ROUSING SPEECHES BY COLONELS BAXTER AND CARTER.
A Monster Mass-meeting in Taylor Hall Saturday Evening in the Interests of McKinley and Hobart; Sound Money, Protection and National Prosperity.
   Cortland county always rolls up a good big majority for Republican candidates and principles, but this year it is evident that it is going to exceed all former efforts in its majority for McKinley, Hobart, sound money and protection, and will make the apostles of free silver and free trade wonder if they really have any following left within the boundaries of the county. At least no other conclusion is permissible after the meeting held in Taylor hall Saturday evening. No one could be mistaken about the sentiment that controlled the people who occupied every seat both on floor and platform and filled all the available standing room at the rear and in the halls.
   Previous to the meeting there was a short parade headed by Horton's drum corps and a delegation of Normal students. The meeting was called to order by A. S. Brown, chairman of the Republican county committee, who introduced as the chairman of the evening Attorney B. T. Wright. A male quartet consisting of J. B. Hunt, A. W. Williamson, C. R. Doolittle and A. McNett was on the platform and with songs for McKinley kept the big audience in a state of stirring enthusiasm and made evident the fact that the people fully appreciated their efforts. A conservative estimate of the number at the meeting would be 1,200.

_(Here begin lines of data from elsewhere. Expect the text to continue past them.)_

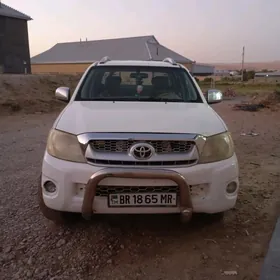 Toyota Hilux 2008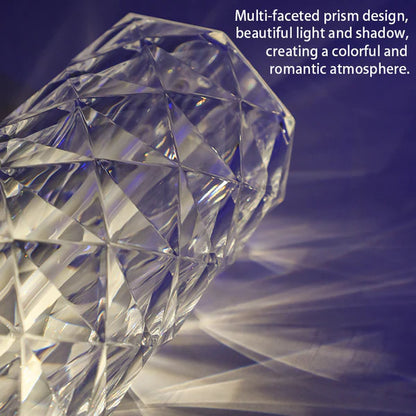 Elegant RGB LED Table Lamps – Ambient Lighting in Pakistan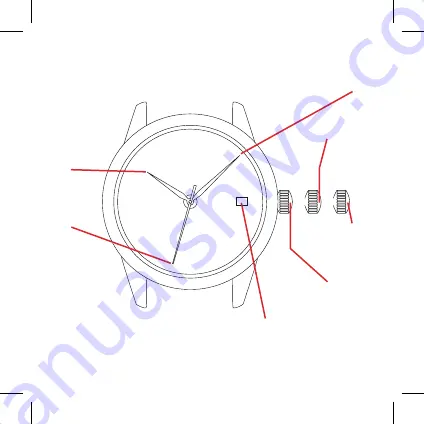 Carl von Zeyten CVZ 0016 Manual Download Page 14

   After a few preliminary remarks Chairman Wright introduced the first speaker of the evening, Colonel Archie E. Baxter of Elmira. Colonel Baxter was frequently interrupted with bursts of applause. His speech was a telling one. He roundly scored Bryan and his supporters for their lack of consistency on the great national questions. He said in part—
   Mr. President, Ladies and Gentleman: In what I shall have to say I do not propose to appeal to your prejudices nor to your partisanship, but to your calm and impartial judgment. You are now confronted with a grave responsibility, and you will soon be called upon to decide a momentous question. On your decision will depend whether this country of ours shall have prosperity, comfort, contentment and happiness, or want, misery suffering and woe. Four years ago when the Republican party surrendered the control of the government our nation was prosperous, we were reducing our war debt, paying pensions and maintaining our expenses without creating a heavy debt and floating heavy bonds. Our credit was high; confidence existed between man and man, enterprise and enterprise. The farmer, when he went out to sow and later to bring his products to market, knew that the boys were engaged in the shops and were able and willing to pay for them. The wage-workers had plenty to do; furnace fires were glowing; the anvil had a merrier ring than it has to-day; the music of moving machinery was making hearts and homes glad and bringing joy and comfort.

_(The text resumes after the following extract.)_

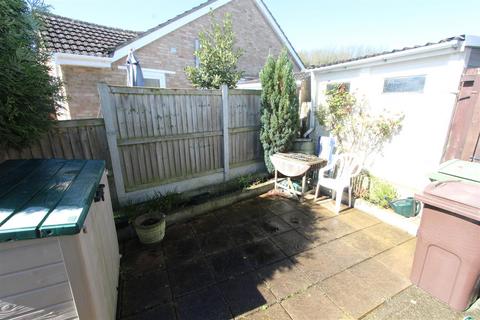 2 bedroom semi-detached bungalow for sale, Clive Road, Sittingbourne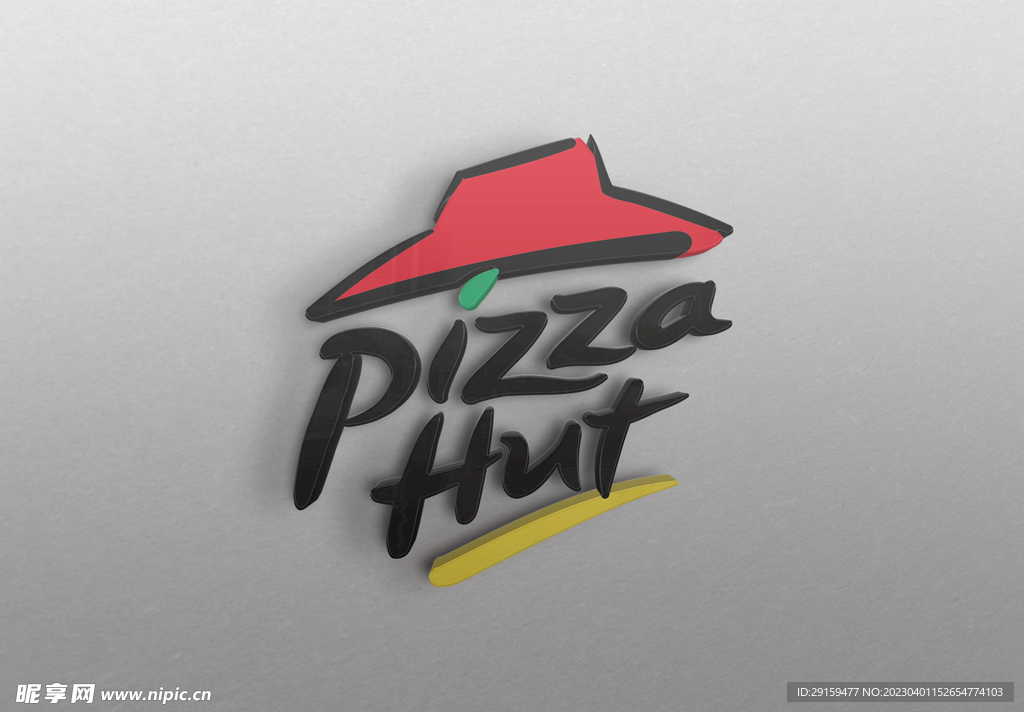LOGO样机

   On this sea of prosperity there came a tempter who told you to come up to a mountain where flowed milk and honey, if you would fall down and worship him: and you Republicans, a lot of you, got down on your knees and worshipped. Since then you have been doing more cursing than worshiping. Instead of being led to a land of milk and honey, you had been led to a land where it was a pretty hard matter to even get milk for your coffee. Instead of having a credit unchallenged and unparalled all over the world, our credit has been doubted in many foreign countries. Right here in your beautiful city shops have been closed because of this. What is true here is true of every town in the United States. You no longer see the shining dinner pail go back and forth, you no longer see smoke issuing from the smokestack, nor hear the merry hum of the anvil.

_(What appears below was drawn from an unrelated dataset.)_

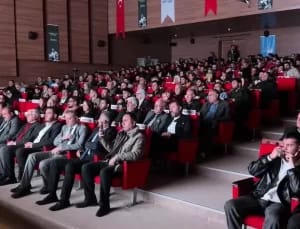 Dengbej Kazo’nun Hayatı ‘Dengbej Kazo Efsanesi’ Belgeseliyle Anlatıldı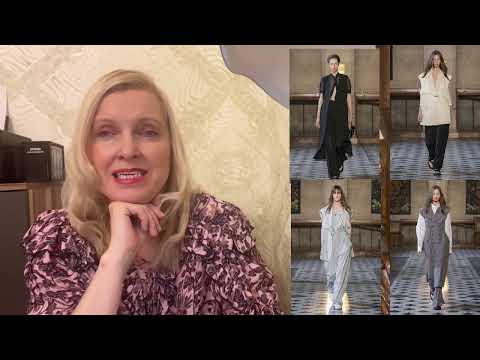 Paris fashion week review SS2024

   When I think of you Republicans who did that, I am reminded of the incident related of a gentleman, or rather a man who went down to that place called Hades. The wanderer was met at the entrance by His Satanic Majesty and was at once shown all through the place. As they went from one corridor to another, the traveler noticed a great increase of heat. Pretty soon they came to the entrance of a long, broad corridor, which seemed to extend farther than one could see. On each side as far as he could see, hanging on hooks in rows were the bodies of men. The traveler observed that this corridor was much hotter than the rest, to him unbearably hot. He noticed, too, that the bodies did not seem to be affected in the least by the heat and his curiosity caused him to ask, "How is it that those bodies can hang here in this great heat and still there be no trace of singed hair or of burned flesh?" "Oh," said His Majesty, "That is easy to explain. They are Republicans who voted for free trade, and who are too green to burn."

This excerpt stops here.